Editorial: Don’t confuse official talk with action

Editorial: Don’t confuse official talk  with action
April 09
00:00 2015

Employees with the City-County Planning Board of Forsyth County and Winston-Salem have been conducting planning meeting sessions to update the City-County Planning Board’s Legacy 2030 Comprehensive plan, which involves expansion and improvements on all of Winston-Salem, including the East-Northeast planning area.

That area has parts of the East Ward and Northeast Ward. It is 80 percent African-American. About 14,360 people live in the area, according to the 2010 census report.

Planners met with residents of the East-Northeast Winston-Salem Planning Area at the Rupert Bell Neighborhood Center last month. More meetings are planned for April, May and June.

City material says area plans convey a community vision and general goals to the Planning Board, elected officials and other community leaders.  Area plans are simply recommendations developed using a public process to help guide future planning decisions.

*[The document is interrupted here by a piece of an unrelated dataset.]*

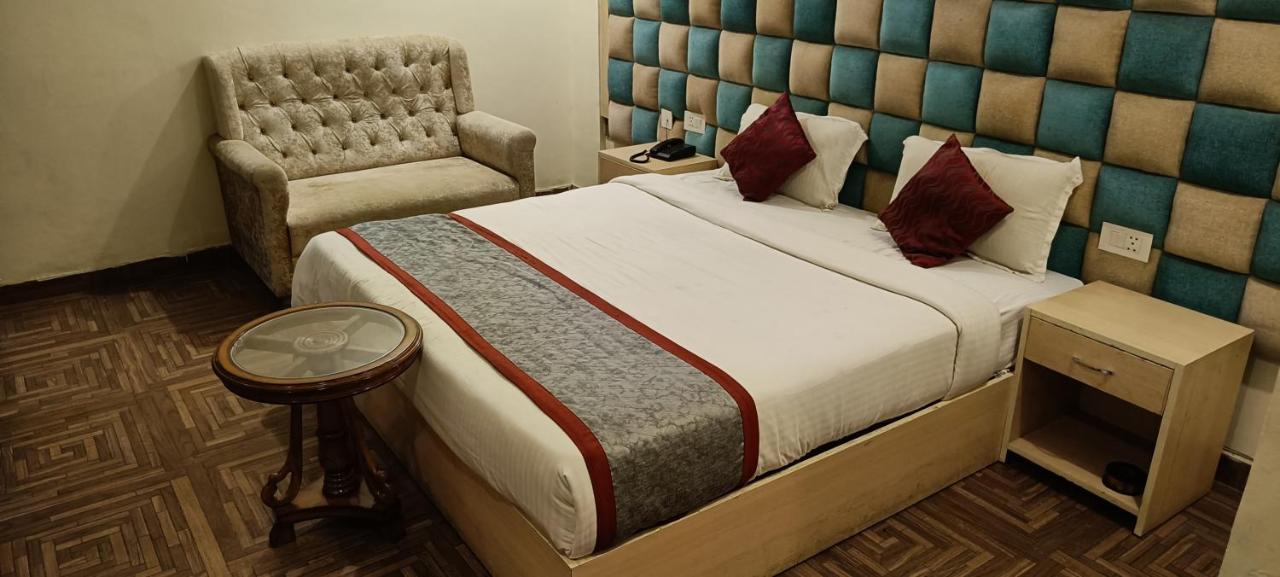 Hotel The Grand Orion Chinhat Esterno foto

This information might be unclear to residents. The people who attended the meeting at the Rupert Bell Neighborhood Center last month spent an hour talking about their communities in the planning area. They pulled out their wish lists and what they want to see improved.

Most of the residents’ main concerns were the crime rates, the neglectful landlords and housing, and how they want businesses they use often to be closer instead of having to drive miles across town. They want more sit-in restaurants in their area instead of fast food places, presumably so they can sit down with friends and family at nice places and slow down the pace a bit. They want their areas to look nice and not “run-down.” They want sidewalks and side streets paved for the safety of elders and children. And they want jobs.

Legacy 2030 will not bring jobs into the planning area. All the work the residents did last month at the meeting will not make their communities any better just because they want them to be. Did anyone explain the steps needed to make things happen?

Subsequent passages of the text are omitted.